D'ailleurs, petite parenthèse, comme c'est tout le temps le cas chez le cinéaste, qui est un excellent directeur d'acteurs et d'actrices, qui sait parfaitement les choisir, tous les interprètes, principaux et secondaires, sont au taquet. Mais, je ne peux pas à côté du plaisir de mentionner spécialement Pio Marmaï, magistral en comédien nul. Non, mais sérieux, il faut avoir un sacré talent pour incarner avec naturel un comédien nul, sans que ça paraisse forcé.


Mais, pour en revenir au démasquage, sans que ce soit fait explicitement, au contraire des autres démasqués, c'est Yannick qui se révèle inconsciemment, sa solitude, son quotidien que l'on devine harassant et insatisfaisant, en s'offrant un petit moment de gloire. L'art, comme pour beaucoup de prolétaires comme lui, est le seul moyen de sortir temporairement de la morosité de son existence. Pour cette raison, il estime avoir le droit à un divertissement à la hauteur de ses efforts, non seulement pour effectuer un long trajet pour aller dans la capitale, mais aussi pour le récompenser de la pénibilité de son travail salarié qu'il s'emploie à bien exécuter. Dans cette optique, le cocu de l'histoire, c'est lui (il ne faut pas croire, mais derrière ses "délires", il peut y avoir un réalisme social chez Dupieux, prégnant surtout dans Le Daim, Incroyable mais vrai et ici !).
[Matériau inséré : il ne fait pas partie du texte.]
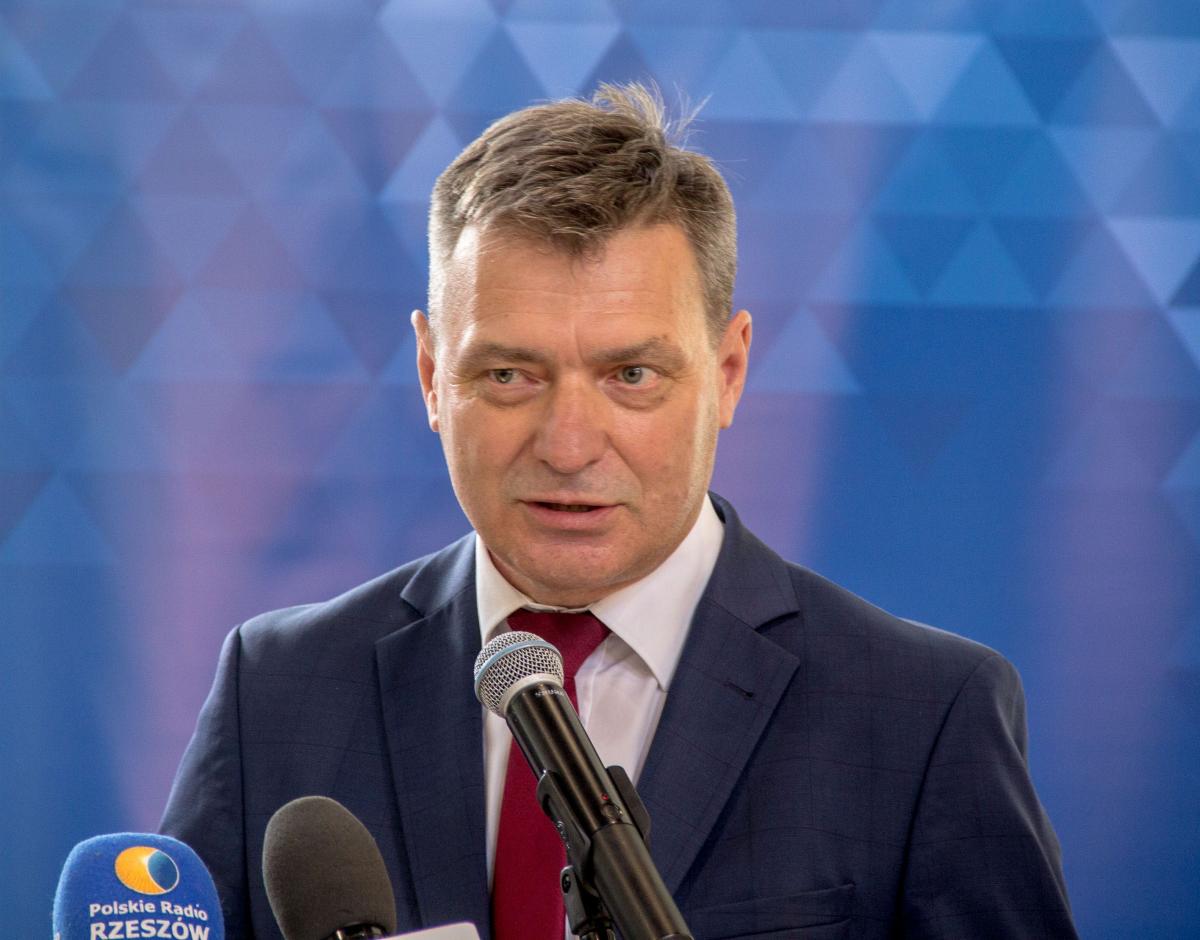 W sprawozdaniu o trwających i zakończonych inwestycjach burmistrz Mieczysław Piziurny informował też o przymiarkach do sprzedaży budynku dawnej szkoły oraz o utworzeniu grupy mającej umożliwić negocjowanie lepszych cen nabycia energii elektrycznej.<br/>fot.Bartłomiej Pacek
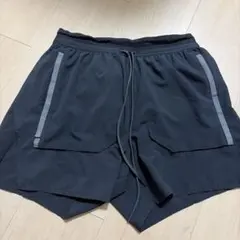 NIKE ランニングパンツ　ランパン　ショートパンツ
Et là, il faut que je tire mon chapeau à Raphaël Quenard qui contribue magnifiquement au tour de force de rendre un personnage d'abord agaçant puis hilarant pour finir touchant. Il suffit de voir le regard de bonheur enfantin de son personnage quand il parvient à ce qu'il aurait possiblement voulu faire (et être !) depuis toujours. C'est émouvant. Il fait pitié au fond. Dupieux a vraiment bien fait de confier à Quenard le rôle-titre. Il a totalement les épaules, le talent, le charisme pour ça.


Allez, pour conclure sur une touche légère, ben, c'est bien beau (et drôle et triste !) tout ça, mais ça ne dit pas ce qu'il y a dans ce fichu frigo (celles et ceux qui ont vu le film comprendront ;-)).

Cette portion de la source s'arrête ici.